Daqui se conclui que as sociedades científicas portuguesas, entre as quais uma das mais activas e mais antigas, a Sociedade Portuguesa de Matemática- SPM (de que me orgulho de fazer parte há muitos anos), foram deliberadamente
excluídas da tarefa de "gestão curricular" (seja lá o que isso for, o ministério gosta de inventar palavras, mas quem deve fazer a gestão dos currículos são os professores), e que só serão ouvidas se
forem convidadas para tal pelas... associações de professores. Daqui se conclui também que a Sociedade Portuguesa de Física - SPF (da qual também me orgulho de fazer parte há muitos anos) é também ignorada pela equipa de Tiago Rodrigues. Ora, se muitos professores de Matemática estão representados pela SPM (há uma Associação de Professores de Matemática, que parece alinhar com o "eduquês" do Ministério), a SPF representa-os a todos. O mesmo se aplica à Sociedade Portuguesa de Química - SPQ. E a sociedades de outras áreas. Como é que um bioquímico pode pensar que os professores e os investigadores das ciências básicas, de Matemática, de Física e de Química, e também os das Ciências Naturais, não se podem pronunciar sobre os conteúdos das disciplinas que ensinam e estudam?

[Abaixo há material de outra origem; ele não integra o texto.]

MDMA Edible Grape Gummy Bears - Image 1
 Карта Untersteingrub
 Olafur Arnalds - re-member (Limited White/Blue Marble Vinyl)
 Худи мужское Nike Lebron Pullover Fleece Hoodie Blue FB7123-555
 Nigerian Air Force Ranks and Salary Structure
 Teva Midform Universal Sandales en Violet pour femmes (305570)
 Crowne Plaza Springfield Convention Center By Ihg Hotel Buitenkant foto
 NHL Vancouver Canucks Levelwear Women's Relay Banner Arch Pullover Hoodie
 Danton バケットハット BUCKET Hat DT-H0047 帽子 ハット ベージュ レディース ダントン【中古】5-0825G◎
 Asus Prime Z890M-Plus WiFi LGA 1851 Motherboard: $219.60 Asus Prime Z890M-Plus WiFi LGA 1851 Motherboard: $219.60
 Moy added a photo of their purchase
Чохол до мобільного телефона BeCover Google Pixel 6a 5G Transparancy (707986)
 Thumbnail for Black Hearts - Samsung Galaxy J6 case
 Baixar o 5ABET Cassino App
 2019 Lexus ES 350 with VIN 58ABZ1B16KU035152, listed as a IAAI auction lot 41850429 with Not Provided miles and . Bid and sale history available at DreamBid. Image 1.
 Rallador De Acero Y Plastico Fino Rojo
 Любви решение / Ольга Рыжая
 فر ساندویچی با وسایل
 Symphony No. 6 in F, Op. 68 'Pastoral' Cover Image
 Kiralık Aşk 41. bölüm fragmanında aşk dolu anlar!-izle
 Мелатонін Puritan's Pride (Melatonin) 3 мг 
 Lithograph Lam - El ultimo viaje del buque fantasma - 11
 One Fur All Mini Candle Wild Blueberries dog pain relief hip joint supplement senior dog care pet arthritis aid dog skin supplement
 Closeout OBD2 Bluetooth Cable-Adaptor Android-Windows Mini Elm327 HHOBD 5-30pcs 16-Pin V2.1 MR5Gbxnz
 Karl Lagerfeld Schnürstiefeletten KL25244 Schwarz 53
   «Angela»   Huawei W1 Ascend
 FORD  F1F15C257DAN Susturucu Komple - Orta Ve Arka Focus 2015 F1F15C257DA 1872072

O Ministério da Educação já era incompetente no tempo de Nuno Crato. Uma funcionária chegou-me a dizer uma vez que não entregava uma carta ao ministro, suspeito que por não concordar com o seu conteúdo. Mas esse Ministério continua incompetente. A situação perfeitamente surreal que a carta do Ministério configura traduz uma total marginalização e a uma tentativa de silenciamento das sociedades científicas portuguesas. Só para se ter uma noção clara
da irrelevância a que Tiago Rodrigues está a votar as sociedades neste processo, faço notar que até alunos do Básico e Secundário estão a ser ouvidos:
Excertos elucidativos (bolds meus, tão espantosos que me espantam a mim que já vi muita coisa):
"Numa corrida contra o tempo, estiveram toda a manhã reunidos, cada nível de ensino na sua sala, para chegarem a diagnósticos e propostas comuns, que tanto o ministro, como o secretário de Estado da Educação, João Costa, garantiram que serão tidas em conta na revisão dos currículos que o ministério está a preparar. (...)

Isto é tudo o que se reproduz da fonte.